Now the genre is low-hanging comedy fruit, ready for picking and juicing into silliness, as “Spoils” so aptly demonstrates.
“Spoils,” produced by Funny or Die, is presented as the work of fictional author Eric Jonrosh (Will Ferrell). The premise is that his book was adapted into a 22-hour miniseries in 1976 and eventually shelved by Hollywood. It’s been dusted off and is being shown (in a very edited version) for the first time. The boozy, pretentious Jonrosh explains that even the streamlined interpretation is “far superior than anything on television today.”
THE SPOILS OF BABYLON
Ferrell’s introductions are slightly more entertaining than the miniseries itself. He’s a master at parodying once important figures who have fallen into cultural obscurity, such as his “Saturday Night Live” take on Robert Goulet. His inspiration here is a drunken Orson Welles, who made commercials for Paul Masson wines in the late 1970s. Please, I beg of you, watch the outtakes of these commercials on YouTube.
Jonrosh’s bloated saga centers on a Depression-era oil prospector, Jonas Morehouse (Tim Robbins), who strikes it rich while trying to keep his daughter Cynthia (Kristen Wiig) and adopted son Devon (Tobey Maguire) from consummating their long-smoldering, near-incest passions. After fighting in World War II, Devon marries a mannequin, (voiced by Carey Mulligan) to keep his lust for Cynthia in check as the family empire grows. Chortle if you must, but that mannequin gives a solid performance.

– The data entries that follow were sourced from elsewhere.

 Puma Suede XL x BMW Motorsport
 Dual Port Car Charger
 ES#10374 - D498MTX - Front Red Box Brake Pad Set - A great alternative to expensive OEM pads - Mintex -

“Spoils” is an intentional mess. And if you can accept this humble production as the fictional work of a second-rate author during a time when television was loaded with shlock and feathered hair, it can be a delight. Maguire, not necessarily known for his comedic acting, does an admirable job of keeping up with the ludicrous hairpin turns of the plot.
It’s no surprise that Wiig excels in the preposterous story. She chews and claws her way through “Spoils” as if she schooled herself for the part by binge watching “Rich Man, Poor Man,” “The Thorn Birds,” and “Shogun.” Those raging eyes! The slapping! The poly-blend blouses! Even if you have reservations about committing yourself to the six parts of the show — and you probably should — it’s worth watching to see Wiig. Never has an actress in a bad wig pointing a knife at a mannequin and screaming an indignant “How dare you” ever looked so convincing.
It’s almost endearing to see celebrities line up to have fun with all this scheming. Val Kilmer cracks a smile, Jessica Alba plays Maguire’s lover, and, in what is likely to be a career-changing role, Haley Joel Osment finds just the right level of absurdity to play Cynthia’s evil son.
If viewers can’t quite pick up on the goofiness of it all, Steve Lawrence sings the opening theme song and outdoor scenes are shot with model homes and toy cars buzzing along train hobbyist landscapes. “Spoils” is not an extended “Saturday Night Live” skit. It’s a brave, and at times uneven, experiment. It’s also a reminder of a time when television was a much simpler and campier place.